Urbanismo depredador

CONSECUENTEMENTE, EXIGIMOS a las Administraciones locales, autonómicas, estatales y europeas, en los ámbitos que les corresponda: La no aprobación, la suspensión o la paralización de proyectos, urbanísticos o no, que no acrediten o no hayan acreditado la suficiente transparencia informativa, así como los requisitos de acuerdo previo con los ciudadanos afectados y de amplia aceptación social, tanto en los objetivos concretos del proyecto como en su impacto ambiental y cultural.

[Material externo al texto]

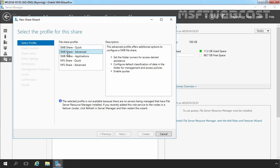Then you have SMB Share Advanced options. This adds access to services provided by File Server Resource Manager to the basic SMB sharing protocol, including configuration of folder owners for access denied assistance, default classification of data, and enabling of quotas. To use this share profile, first of all, you have to install File Server Resource Manager feature.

Una nueva normativa legal, elaborada con la participación ciudadana, que tenga como objetivos claros frenar la especulación y primar la protección del medio, del paisaje, y del patrimonio cultural sobre los objetivos concretos de los proyectos, y que, además procure vías efectivas de participación ciudadana. Hasta la aprobación de esa normativa ha de quedar en suspenso la tramitación o la ejecución de cualquier proyecto que afecte de forma importante al territorio.

La obertura de un amplio debate social con el objetivo de delimitar las líneas maestras de un modelo territorial, social, económico y energético que responda a las necesidades reales de la población, racionalice los sectores productivos, limite la actividad urbanística, impida la especulación, proteja y respete de forma efectiva el medio natural y el patrimonio cultural, y fomente el uso racional de los recursos naturales y energéticos.

POR UNA NUEVA CULTURA DEL TERRITORIO
PAREMOS LA DESTRUCCIÓN PARA PENSAR EL PAÍS QUE QUEREMOS
POR NUESTRO FUTURO, DEFENDAMOS EL TERRITORIO.